The U.S. currently has a 7.3 million unit affordable housing shortage. 3 million new affordable housing units isn’t even half of what is needed to make up the shortage and 3 million over four years is 750,000 new units per year. The U.S. is already running a housing deficit building almost twice that number (1.42 million) per year. Only building at half the current rate would lead to a more severe housing shortage. This sort of milquetoast YIMBYism is not only economically illiterate but it also just gatekeeps the only permanent solution (land value capture) by steering people away from the root cause of the problem (real estate speculation). I already explained why the simple minded approach of YIMBYism cannot bring down and stabilize housing prices especially within the unsustainable housing model of suburban sprawl.
The False Promise of YIMBYism: It is no Substitute for LVT
YIMBYism allows property owners to feel charitable without compromising their class interests which is what is necessary to have affordable housing in perpetuity.
Half of tenant households (21/42 million) are rent burdened (i.e. spend >30% of household income on rent).
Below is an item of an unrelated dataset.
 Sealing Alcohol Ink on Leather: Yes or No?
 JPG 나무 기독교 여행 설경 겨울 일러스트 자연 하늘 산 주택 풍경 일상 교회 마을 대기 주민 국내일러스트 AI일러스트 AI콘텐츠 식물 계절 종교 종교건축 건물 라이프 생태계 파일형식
U.S. Census Bureau: Nearly Half of Renter Households Are Cost-Burdened, Proportions Differ by Race
My wife and I aren’t in that demographic but we’ve known people who were and were priced out of their unit during the past four years while shitlibs pretended the economy is peachy for everyone just because unemployment figures are low and wages are rising and ignore the structural problems in the housing market in favor bullshit band-aid policies that don’t stop the hemorrhaging artery of rack rents caused by artificial scarcity.
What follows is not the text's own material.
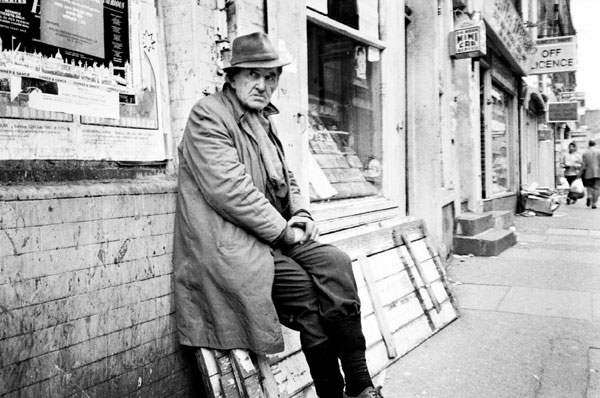 Man with a hat, Brick Lane c.1986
As I pointed out previously, despite unprecedented wage growth rent hikes exceeded wage growth over the past four years. Renters, who are around a third to three-eighths of the population and vote Democrat by a 2 to 1 margin are probably finally starting to realize that the patch work of housing vouchers, rent controlled buildings and artificial wage floors offered by that party are largely ineffective and that YIMBY proposals offer the same empty promises. They don’t quite understand land value capture or all of the potential mechanisms for its implementation, but are tired of long housing waiting lists and the incompetent bureaucrats that manage them. It will probably take another generation or two and a homeownership rate >50% for the electorate to come to grips with this economic reality.